Chief among these is the controversial call to recognise the Unified Examination Certificate (UEC) that is awarded by independent Chinese-medium schools.
Currently, the UEC is recognised by many top international universities and local private colleges but is not recognised by the government for entry into public universities or the civil service, meaning those who have obtained the UEC are not eligible for those institutions on that alone.
DAP's push met immediate resistance from the United Malays National Organisation (UMNO), a partner in the unity government helmed by Prime Minister Anwar Ibrahim.
The Federation of Malaysian Islamic Students (GAMIS) - a non governmental organisation - also submitted a memorandum at the DAP’s Kuala Lumpur headquarters. The federation described DAP’s call as “a step backwards” in Malaysia’s education reform.
Some analysts interpreted DAP’s move as an attempt to reassure its core Chinese base that the party has not abandoned its ideological commitments — prompted by its recent drubbing in the Sabah state polls that were held on Nov 29.
Besides that, Digital Minister Gobind Singh Deo - who is DAP chairman - has criticised the police over a dress-code incident in Melaka, while former deputy law minister Ramkarpal Singh renewed called for the total abolishment of the SOSMA security law.
Notably, DAP secretary-general Anthony Loke also said in an interview with a Chinese language Youtube channel “The Keywords” that the party would reassess its role in the government if Anwar failed to deliver meaningful reforms within the next six months.
He however said that DAP would not withdraw support for the administration and risk political turmoil.
“After six months, whatever decision we make, we’ve already informed the prime minister that we will not withdraw our support for him, at least until the next general election,” Loke was quoted as saying by local news platform Malaysiakini.
“How we move forward, how we contest, how we prepare for the next general election - these will be discussed later.”
With 40 parliamentary seats in the 222-member lower house, DAP supplies the most seats to Anwar’s unity government made up of various coalitions besides PH.
However, former DAP Member of Parliament Ong Kian Ming told CNA that the party is facing a “crisis of confidence” not seen in decades.
“The party faces the real possibility that it could lose a significant chunk of support from its Chinese supporters in Peninsular Malaysia and Sarawak either through not coming out to vote or coming out to vote for ‘anyone but the DAP’,” said Ong, a former Deputy Minister of International Trade and Industry who is now an adjunct professor with Taylor’s University.

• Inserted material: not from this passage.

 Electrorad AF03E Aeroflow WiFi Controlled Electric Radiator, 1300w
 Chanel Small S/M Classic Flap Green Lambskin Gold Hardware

“DAP’s traditional urban voter base sees the party as someone who has been unfaithful in a marriage … ‘betrayed the voters' trust’ but has not yet divorced the party,” added Ong.
The timing of DAP’s demands — so soon after the Sabah electoral loss — has raised eyebrows among some experts.
In the 2020 Sabah election, the PH component party secured six seats out of seven it contested, some with super-majorities.
This time, however, it lost all eight seats it contested.
For a party that has long relied largely on unwavering backing by the Chinese urban electorate, the psychological blow was severe, triggering the vocal response from its leadership, said observers.
Despite the internal alarm in DAP, some analysts told CNA the party may be panicking for the wrong reasons, arguing that the localised results in Sabah do not necessarily signal a wholesale abandonment by the national electorate.
DAP secretary-general Anthony Loke (centre), chairman Gobind Singh Deo (left), and deputy chairman Nga Kor Ming (right), speak at a press conference in Shah Alam on Mar 16, 2025, after the party’s central executive committee elections. Photo: CNA/Fadza Ishak)
A “STRANGE AND WRONG MOVE”?
DAP leaders have been vocal recently about the need for reforms by the Anwar government.
Deputy chairman Nga Kor Ming who is Housing and Local Government Minister was reported to have said on Dec 7 that he planned to meet Anwar over UEC recognition.
While UEC is an issue that DAP has long pursued, it had not made the news for some time until Nga’s comments, which drew sharp reactions from various Malay-based political parties such as UMNO and the opposition’s Parti-Islam Se-Malaysia (PAS).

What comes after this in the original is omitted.